Trace reached up his hand to the side of his mouth and his fingers came away sticky. He decided impulsively that he did not want to involve the police in any of this yet, so he said, “I rapped myself on the trunk lid.” He wiped his mouth with his handkerchief.

“What are you doing here anyway?” she asked.

“I was visiting.”

“Who?”

“A friend.”

She hesitated, then said, “I guess we can let it go at that.”

“Is there an all-night garage around here?”

“No. There’s no all-night anything in this town. Well, hardly any all-night anything. Best I can do, I’ll give you a lift somewhere. You can call somebody in the morning.”

“I appreciate it,” Trace said.

He turned around to replace the spare tire in the trunk, and as he did, in the glare of the squad car’s headlights he saw a small piece of paper on the ground near his flattened right rear tire. He picked up the paper and jammed it into his pocket, and he noticed that the valve cap had been taken off the tire.

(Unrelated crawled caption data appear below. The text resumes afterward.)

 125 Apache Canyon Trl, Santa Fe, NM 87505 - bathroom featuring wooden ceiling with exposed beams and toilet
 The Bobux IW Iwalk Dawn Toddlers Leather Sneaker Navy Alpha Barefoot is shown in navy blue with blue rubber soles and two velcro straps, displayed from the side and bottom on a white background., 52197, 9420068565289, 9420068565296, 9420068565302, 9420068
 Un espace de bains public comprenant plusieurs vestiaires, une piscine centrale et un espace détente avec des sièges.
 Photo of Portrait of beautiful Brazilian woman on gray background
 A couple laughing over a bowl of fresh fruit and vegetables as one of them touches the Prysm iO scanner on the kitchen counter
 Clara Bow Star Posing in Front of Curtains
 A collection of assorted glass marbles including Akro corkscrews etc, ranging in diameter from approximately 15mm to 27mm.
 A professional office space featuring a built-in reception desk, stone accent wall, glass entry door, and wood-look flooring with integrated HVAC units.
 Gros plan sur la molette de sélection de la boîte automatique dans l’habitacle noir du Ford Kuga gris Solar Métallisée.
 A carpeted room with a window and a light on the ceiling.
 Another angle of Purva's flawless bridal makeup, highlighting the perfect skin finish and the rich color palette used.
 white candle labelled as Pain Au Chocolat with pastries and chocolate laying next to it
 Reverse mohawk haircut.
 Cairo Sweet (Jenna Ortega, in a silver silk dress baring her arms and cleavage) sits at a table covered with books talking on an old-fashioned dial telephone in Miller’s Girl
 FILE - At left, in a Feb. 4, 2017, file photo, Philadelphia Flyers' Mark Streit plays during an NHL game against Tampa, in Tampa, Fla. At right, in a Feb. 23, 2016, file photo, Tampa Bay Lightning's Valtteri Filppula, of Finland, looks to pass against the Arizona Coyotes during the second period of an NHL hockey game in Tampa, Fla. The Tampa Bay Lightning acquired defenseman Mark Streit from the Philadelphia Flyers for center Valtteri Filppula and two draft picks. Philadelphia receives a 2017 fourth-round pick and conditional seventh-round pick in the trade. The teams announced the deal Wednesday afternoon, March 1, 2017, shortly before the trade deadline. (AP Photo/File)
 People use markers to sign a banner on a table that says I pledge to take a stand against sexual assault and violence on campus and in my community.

The tire had not been punctured; someone had just opened the valve to let the air out.

He locked the spare tire in the trunk, then put his car keys on the floor under the front seat and locked all the car doors, first making sure the driver’s front vent window was unlocked and an arm could reach through it to the door lock.

“I left the keys under the seat for whoever comes,” he said.

Police Officer Wilcox drove carefully, her eyes on the road, and Trace had a chance to admire her profile, classic and sharp. She looked to be in her early thirties, perhaps fifteen years younger than her husband.